Category: Domestic

Learning to Love

A very good evening from the Lifestyle Support Guru!

Sharing My Thoughts

I have decided to share some thoughts with you on ‘Learning to Love’, which you may think a strange choice of subject for the LSG, since I am used to receiving undying admiration and adoration from my many followers; on the other hand, you may be tempted to think that I have found a new love and that I am going to regale you with tales of my new-found passion, but I wouldn’t be so crass – if you wish for such titillation, try ’50 Shades of Grey’ (again!).

Learning To Love

So what am I ‘learning to love’ I hear you asking. I am learning to love…

1. Ironing

– this is because DODO has set up a television in the back room so that I no longer have to rearrange the furniture in the front room when I wish (I use that word in its very loosest sense) to iron. I cannot do ironing without something to distract me (and the distraction of a glass of wine at 10 o’clock in the morning, especially when combined with a hot iron, is not really a good idea…). Before anybody thinks this is purely a sexist arrangement, I can assure you that ALL the ironing is mine. I would never do anything so silly as to allow DODO to buy clothes that need anything more than minimal attention. So far I have watched two fascinating programmes – one on the RSPCA and one on drunks on planes, but I feel I need to be a bit more adventurous and move on from ‘Panorama’ on the BBC iPlayer…

2. Technology

This has afforded many hours of amusement in just the last day alone as DODO has attempted to set up the new television in the front room to replace the ‘ironing’ television which has been relegated to the back room.
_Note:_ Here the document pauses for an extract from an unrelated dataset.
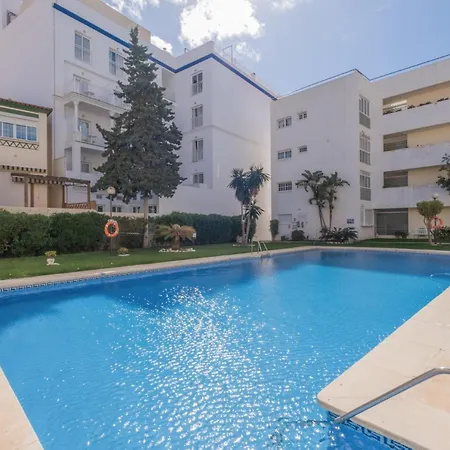 5 Chaparil Beach, Flat 3 With Sea Views Apartamento *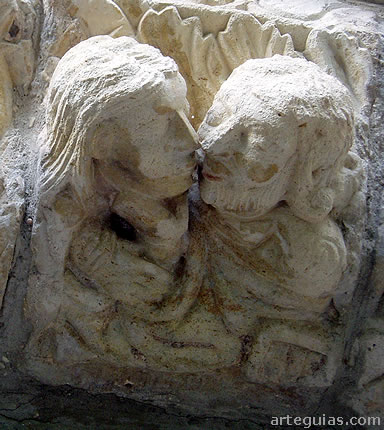 Escena amorosa de la puerta sur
I have watched him in a purely advisory capacity – ‘Yes, it’s working; no, it’s not working; why can we only get ITV?’, that sort of helpful thing. When DODO decided to make one final, desperate attempt to get more than one channel, saying, ‘I’ll try the old remote instead of the one that came with the television.’, I refrained from expressing out loud the thought ‘How stupid! How is that going to work?’ I was particularly glad of this restraint when DODO was proved right – I’d forgotten to tell him that the ‘old’ remote was the one that worked the VirginMedia Tivo box!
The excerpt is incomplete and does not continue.